People aren't sheep. You can tell them Arsenic isn't poison over and over and over and over and show positive uses for it but that doesn't mean people are going to shellacking themselves with it after a set period of time. As mentioned above, people generally don't go out of their way to listen to opinions that are counter to their own. It's actually a really big topic in media and as I've already said the term, look up Echo Chamber. People who are worth their salt know that the Echo Chamber is a thing. Under your thesis the Echo Chamber couldn't BE a thing. It's a subset of Selective Exposure Theory. I can't say this enough because it just perfectly demonstrates why your entire argument holds less water than a rust colander. People, in general, do not seek out opinions counter to them. People who don't believe gender and sex are different things aren't going to watch or consume media where that is a major theme. People who dislike gay people aren't going to be watching Glee. People who dislike black people aren't going to be watching BET. Media is made to be consumed by the target audience. Not to push concepts on to people who aren't inclined to watch it. That's not how media works. You don't understand how media works.

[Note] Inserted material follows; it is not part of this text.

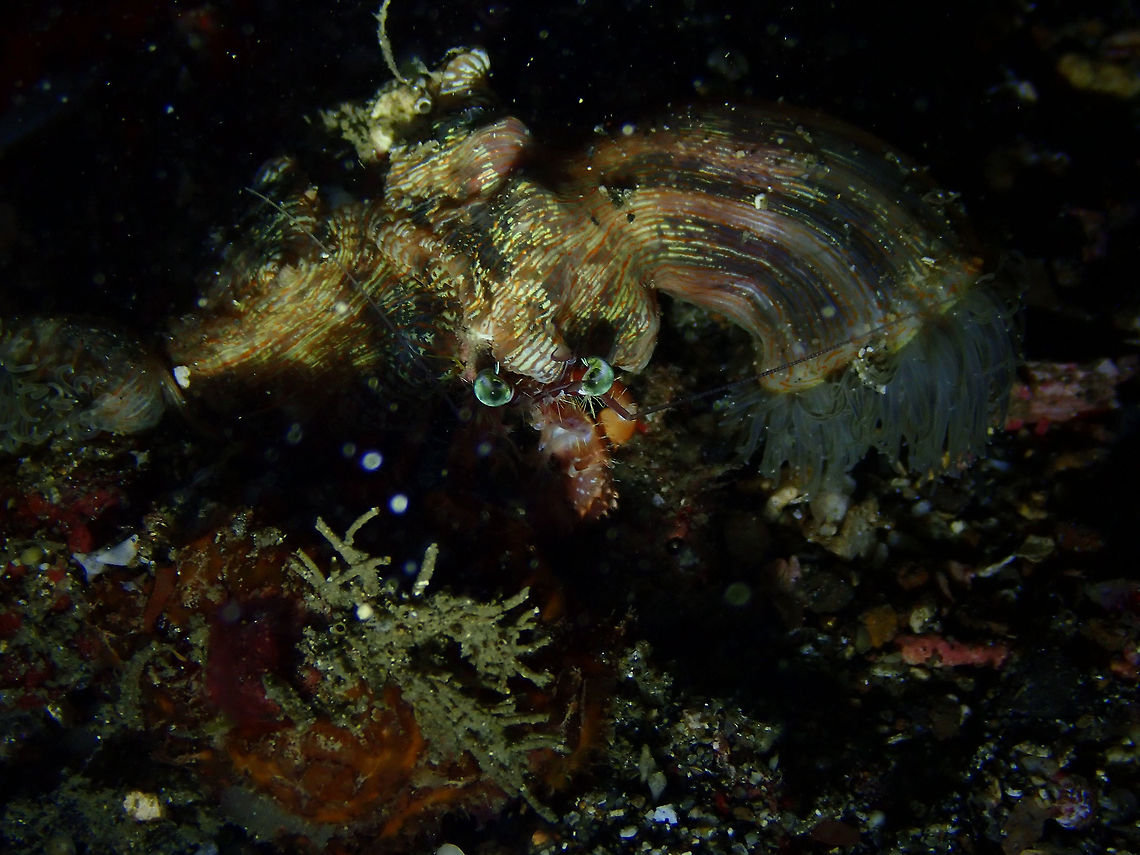 Anemone Hermit Crab (Dardanus pedunculatus) Monument, Lembeh.<br />
Fully-dressed in the best anemonae he could find in the neighborhood, his beautiful eyes glowing in the darkness.. Anemone hermit crab,Dardanus pedunculatus,Geotagged,Indonesia,Spring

tl;dr: I would agree with you. But then we'd both be wrong.

Donnadogsoth
2016-10-01, 08:18 PM
Gay activism (“the fight for gay rights”) is interested in conditioning the population to accept Gays. Why wouldn't media be a method of doing that? If you're right, and Edward Bernays' sole pearl of wisdom was how to create a job for himself as an expert in absolutely nothing, a person could make a pretty penny persuading the corporate world it can save $590-odd billion per annum, given that marketting (conditioning) has no effect. Why not be that person?

People aren't as insulated as you think. I remember when Ellen “came out” and it was a ratings grabber because plenty of people tuned in out of curiosity about homosexuals, and since it was on tv it was “okay”. And even if adults are wholly insulated, as you suggest, never on the fence about anything and never vulnerable to suggestions being implanted by the media products they consume, there are always children who are nothing if not suggestible, and who may find themselves watching things their parents can't control for.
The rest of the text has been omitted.